Zwei neue Urteile des Bundesgerichtshofs (BGH) sind für die baurechtliche Praxis interessant:

In einer Entscheidung hat der BGH eine Vertragsstrafenklausel für unwirksam erklärt, da diese der AGB-rechtlichen Überprüfung nicht standhält. In einer anderen Entscheidung hat der BGH sich mit der Frage auseinandergesetzt, ob dem Auftragnehmer ein Leistungsverweigerungsrecht zusteht, sofern er gegenüber dem Auftraggeber mitgeteilt hat, dass Bedenken gegen die Ausführung der Leistung bestehen.

1.

Mit Urteil vom 15. Februar 2024 (AZ: VII ZR 42/22) hat der BGH eine Vertragsstrafenklausel für unwirksam erklärt.

In den vom Auftraggeber im Rahmen eines Bauvertrages auf Einheitspreisbasis gestellten AGB war u. a. festgelegt, dass die Vertragsstrafe „auf insgesamt 5 % der im Auftragsschreiben genannten Auftragssumme (ohne Umsatzsteuer) begrenzt“ ist.

Nach Ansicht des BGH ist eine derartige Klausel gem. § 307 Abs. 1, S. 1 BGB unwirksam, da sie entgegen dem Gebot von Treu und Glauben den Auftragnehmer unangemessen benachteilige. Die Auslegung der Formulierung „im Auftragsschreiben genannte Auftragssumme (ohne Umsatzsteuer)“ sei nach dem Wortlaut so auszulegen, „dass sich die Höhe der Vertragsstrafe nach der vor der Ausführung des Auftrages vereinbarten Netto-Auftragssumme richtet.“

Bei seiner Auslegung geht der BGH vom Verständnis eines verständigen und redlichen Vertragspartners „unter Abwägung der Interessen der normalerweise beteiligten Verkehrskreise“ aus.

Die Auslegung der Vertragsstrafenklausel führe zu einer unangemessenen Benachteiligung des Auftragnehmers.
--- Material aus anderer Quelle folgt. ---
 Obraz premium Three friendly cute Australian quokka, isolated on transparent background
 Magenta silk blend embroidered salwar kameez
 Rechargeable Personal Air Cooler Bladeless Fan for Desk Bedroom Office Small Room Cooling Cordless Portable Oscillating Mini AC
Dieses vor dem Hintergrund der Rechtsprechung, wonach eine in AGB  des Auftraggebers enthaltene Vertragsstrafenklausel unangemessen sei, wenn sie eine Höchstgrenze von mehr als 5 % des Vergütungsanspruchs des Auftragnehmers überschreite.

Nach Ansicht des BGH müsse sich die Vertragsstrafe in einer „wirtschaftlich vernünftigen Grenze“ halten. Maßstab für diese Grenze sei die Abrechnungssumme „in ihrer objektiv richtigen Höhe“. Durch eine nachträgliche Absenkung der Auftragssumme bestehe die Gefahr, dass der Auftragnehmer eine Vertragsstrafe zahlen müsse, welche über 5 % des endgültigen Vergütungsanspruchs liegt. Es bestehe die Möglichkeit, dass die „5%-Grenze“ deutlich überschritten werde. Aufgrund dieses Risikos werde der Auftragnehmer unangemessen benachteiligt, was zur Unwirksamkeit der Klausel führe.
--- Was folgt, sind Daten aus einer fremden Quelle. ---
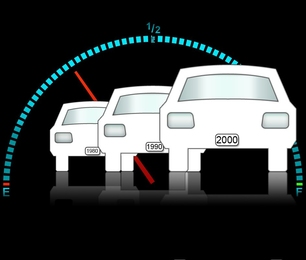 Illustration of three white cars in a line, against a black background. 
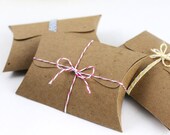 Pillow Boxes with Tab Tuck Closure, 10 - jewelry packaging, favor boxes, gift card horlders -  4.5" x 2.75" x 1" -  Kraft, assorted colors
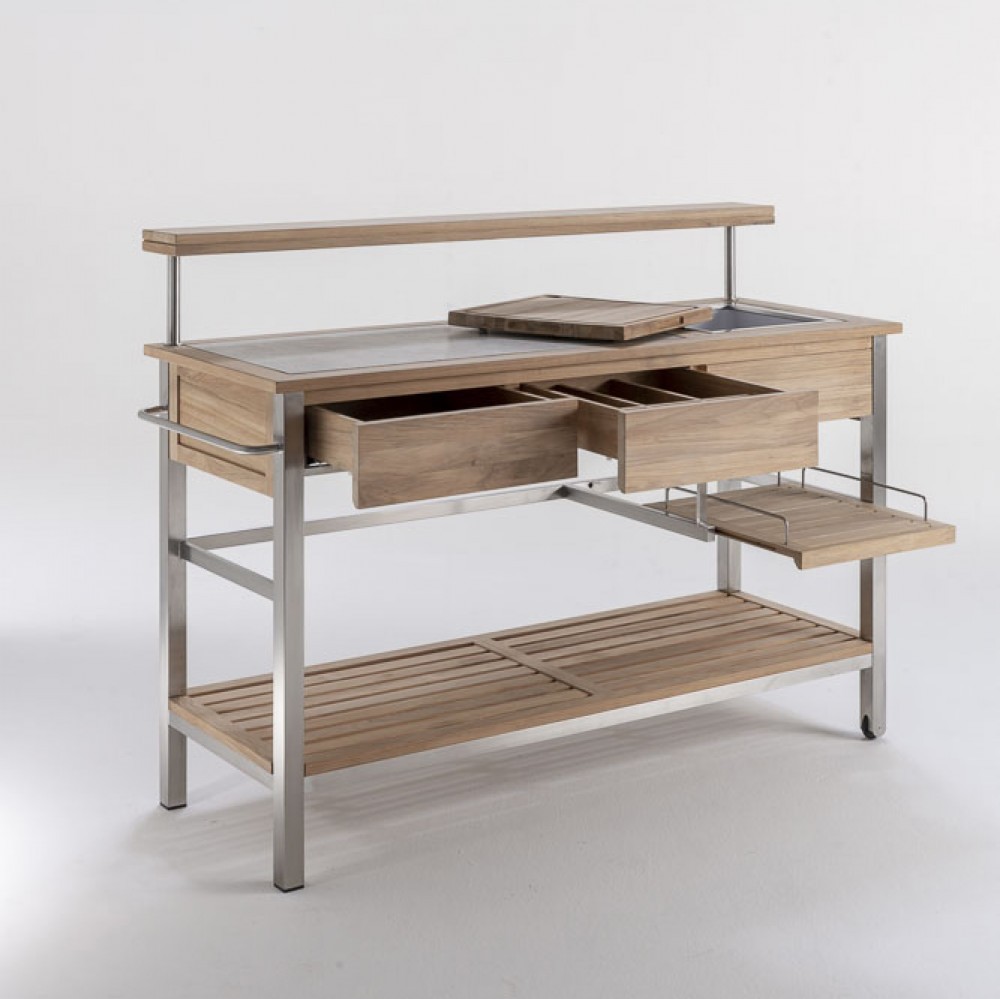 ARCO Quadro Multifunktioneller Servierwagen Teakholz/Edelstahl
Folge dieser Entscheidung ist, dass bei der Abfassung von Vertragsstrafenklauseln darauf geachtet werden muss, die maximale Höhe der Vertragsstrafe auf 5 % des Netto-Vergütungsanspruchs zu begrenzen. Weitere Konsequenzen aus dieser Entscheidung sind zumindest höchstrichterlich noch nicht geklärt. So ist noch nicht geklärt, ob diese Entscheidung auch eine Vertragsstrafenregelung betrifft, welche sich auf 5 % der Pauschalpreissumme bezieht. Der Entscheidung des BGH lag ein Einheitspreisvertrag zugrunde. Auch ein Pauschalpreis kann einseitig durch den Auftraggeber – z. B. durch Teilkündigung – reduziert werden.

 

2.

Mit Urteil vom 01. Februar 2024 (AZ: VII ZR 171/22) hat der BGH festgestellt, dass der Auftragnehmer grundsätzlich kein Leistungsverweigerungsrecht habe, wenn er Bedenken gegen die auszuführende Leistung erhoben hat.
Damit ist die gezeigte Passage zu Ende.